Many aspects of Bitcoin echo the core characteristics of gold.
Gold is scarce, hard to mine and a great store of value. Bitcoin emulates these traits as best it can. It’s scarce, as only 21 million Bitcoins will ever exist, it’s hard to mine, and it has quickly become a great store of digital value in this ever-progressing digital world.
Mining can be a weird concept to get your head around but, before ploughing into it, we’re going to go into a bit of background using the Bitcoin network as an example.
Every time a transaction is made, the details of that transaction get stored in a block. Every ten minutes we have a new block filled with all the transactions made during that ten-minute period. Imagine holding a bucket under an ice dispenser for ten minutes and every ice cube dispensed being a transaction. At the end of that ten-minute window, the bucket would be sealed and replaced with a new bucket. Each bucket (or block) is then added to the chain of buckets before it, thereby creating a blockchain.
Now imagine that this blockchain is simply a spreadsheet that details a big list of blocks: open source, decentralized, transparent and immutable. That’s the basics of blocks and a blockchain. Currently, Bitcoin blocks are 1 megabyte in size and contain an average of 2,000 transactions.
Rewarding the bitcoin miners
This is where the miners come in. They act as auditors. They go through every single transaction and verify it. But in order to motivate people to verify and keep the blockchain audited and functioning, you have to reward them. The way this works is that every block has a password and whoever comes up with the closest guess within a ten-minute timeframe wins the block and gets rewarded.
The creator(s) of Bitcoin wanted to make it a scarce and a deflationary asset like gold, so they programmed the Bitcoin algorithm to decrease the reward paid out for each mined block over time. At the start, the reward was 50 Bitcoins per block, but it halves every four years. As of November 2017 the reward is 12.5 Bitcoins. The algorithm will get harder and harder, with ever-decreasing rewards until the last Bitcoin is mined in the year 2140.

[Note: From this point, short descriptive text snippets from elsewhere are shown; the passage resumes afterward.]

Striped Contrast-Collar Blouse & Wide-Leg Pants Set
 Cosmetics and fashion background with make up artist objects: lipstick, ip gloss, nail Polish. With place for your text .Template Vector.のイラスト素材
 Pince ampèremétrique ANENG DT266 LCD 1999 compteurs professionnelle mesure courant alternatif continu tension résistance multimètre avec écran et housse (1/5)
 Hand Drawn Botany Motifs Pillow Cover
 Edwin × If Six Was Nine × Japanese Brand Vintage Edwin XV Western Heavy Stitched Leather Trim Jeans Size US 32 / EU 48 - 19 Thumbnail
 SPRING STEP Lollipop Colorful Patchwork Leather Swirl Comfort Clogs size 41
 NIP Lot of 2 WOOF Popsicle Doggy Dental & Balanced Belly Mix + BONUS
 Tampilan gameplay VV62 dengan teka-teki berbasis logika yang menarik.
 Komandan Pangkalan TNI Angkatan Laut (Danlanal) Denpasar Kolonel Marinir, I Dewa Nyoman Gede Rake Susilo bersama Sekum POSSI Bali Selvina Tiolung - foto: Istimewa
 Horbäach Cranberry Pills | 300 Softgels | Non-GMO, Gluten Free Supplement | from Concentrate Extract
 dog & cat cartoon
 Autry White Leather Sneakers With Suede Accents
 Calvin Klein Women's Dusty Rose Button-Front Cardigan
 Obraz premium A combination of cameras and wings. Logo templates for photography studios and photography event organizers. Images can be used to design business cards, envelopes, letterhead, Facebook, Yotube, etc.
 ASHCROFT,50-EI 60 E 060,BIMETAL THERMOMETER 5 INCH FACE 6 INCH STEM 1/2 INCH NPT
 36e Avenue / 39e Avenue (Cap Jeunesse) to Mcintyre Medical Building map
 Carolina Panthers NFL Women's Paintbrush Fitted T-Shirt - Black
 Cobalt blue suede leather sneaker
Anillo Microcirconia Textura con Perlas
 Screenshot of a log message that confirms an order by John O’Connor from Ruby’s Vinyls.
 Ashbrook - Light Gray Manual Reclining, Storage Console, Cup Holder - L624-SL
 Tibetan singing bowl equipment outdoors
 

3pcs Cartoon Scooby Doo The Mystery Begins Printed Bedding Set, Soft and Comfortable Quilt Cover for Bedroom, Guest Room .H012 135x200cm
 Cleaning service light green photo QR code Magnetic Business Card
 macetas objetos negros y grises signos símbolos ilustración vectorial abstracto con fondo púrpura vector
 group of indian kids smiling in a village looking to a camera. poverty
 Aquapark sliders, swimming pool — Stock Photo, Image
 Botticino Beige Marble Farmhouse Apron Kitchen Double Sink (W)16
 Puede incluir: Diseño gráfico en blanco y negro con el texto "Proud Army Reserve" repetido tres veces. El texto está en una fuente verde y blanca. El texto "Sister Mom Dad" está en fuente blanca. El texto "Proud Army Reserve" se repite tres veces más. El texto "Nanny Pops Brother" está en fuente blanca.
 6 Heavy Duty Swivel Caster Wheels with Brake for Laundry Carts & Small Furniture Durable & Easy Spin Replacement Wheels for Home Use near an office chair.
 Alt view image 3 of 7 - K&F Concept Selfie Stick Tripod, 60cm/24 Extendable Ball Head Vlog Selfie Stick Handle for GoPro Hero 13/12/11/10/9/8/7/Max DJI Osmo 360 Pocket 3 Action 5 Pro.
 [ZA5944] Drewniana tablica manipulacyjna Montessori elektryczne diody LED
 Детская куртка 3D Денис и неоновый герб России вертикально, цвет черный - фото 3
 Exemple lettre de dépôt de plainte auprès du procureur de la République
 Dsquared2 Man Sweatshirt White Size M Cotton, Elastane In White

This is a bit like me writing down a number between 1 and 1,000, putting it in an envelope with 12.5 BTC (Bitcoins), then giving a group of friends ten minutes to guess the number. They can have as many guesses as they like and, at the end of the ten minutes, whoever guesses it first, or gets closest, wins. The guess has to be either equal to or lower than the actual number to count. In the event of a draw, whoever made the most guesses and put the most work in wins the reward. It’s called a ‘proof of work’ system and it’s extremely energy-intensive.
Back in the real world, miners have to guess a 64-digit hexadecimal password – in other words, a password that includes numbers and digits and looks something like this: 0000000000000000032frc108cf6130q99i27c5702303e1w169tt50m7pl3338eb. As you can imagine, it takes a lot of computing power to guess something like this and, as time goes by, it’s becoming increasingly difficult to be a profitable miner unless you have an expensive, fully dedicated mining rig. A mining rig is basically a large number of specially designed single-purpose GPUs that just crunch numbers in order to guess as many combinations as possible. The biggest cost is electricity. It burns through it and the rig produces a lot of heat, so you need to spend more on cooling equipment to prevent it from burning itself out. That’s why so many of the world’s biggest mining operations are either done in cold countries like Iceland or in areas where electricity is cheap, either through government subsidies or hooked into renewable energy plants like dams and wind turbines. Gone are the days where you could mine a few hundred Bitcoin from your laptop.